How about a world where none of our sons need to feel afraid? Could we strive for that as well, Ms. Arnet? Or, better still, how about a world where none of us feels afraid? Wouldn’t that be best of all?
What does resonate in Ms. Arnet’s remarks, however, is the call, the need, the absolute imperative to develop strong, sensitive men of our boys. As the father of two sons, as someone who obsesses often to the point of insomnia over the work he’s doing (and the mistakes he’s making) in rearing two young men, this hits especially close to home. And it seems all the more urgent when you remember that, while men are doing most of the dying, they’re doing even more of the killing.
Consider the darker side of those already sobering U.S. DOJ statistics:
88.8% of murders are committed by men;
11.2% are committed by women.
Or these:
86% of violent offenders are men;
14% are women.
Men are more competitive, more aggressive, more violent, and, yes, far more murderous than women. Whether you want to blame that on testosterone, the patriarchy, the long tradition of violence in western civilization, the problem of absentee fathers, or the popularity of football, video games, and professional wrestling, I do not care. But I do care that — and, indeed, I insist that — we be honest about the problems, so that we can be honest about the solutions.
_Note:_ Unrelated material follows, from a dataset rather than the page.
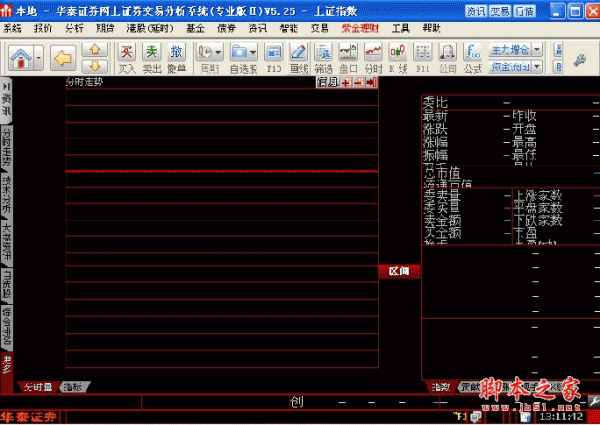 华泰证券专业版2(华泰证券专业版2自选股恢复)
The problem with the George Sodinis and the Ronald Taylors of the world isn’t who they’re killing; it’s that they’re killing at all. And, while I wish I knew where the best solutions can be found, I’m fairly certain they will not come from overstating the threat, nor from sensationalizing the impact, of violence against one particular group. And I'm damned sure they will never come from responding to one man’s insanity with a well-meaning, but ultimately misguided, assault on reality.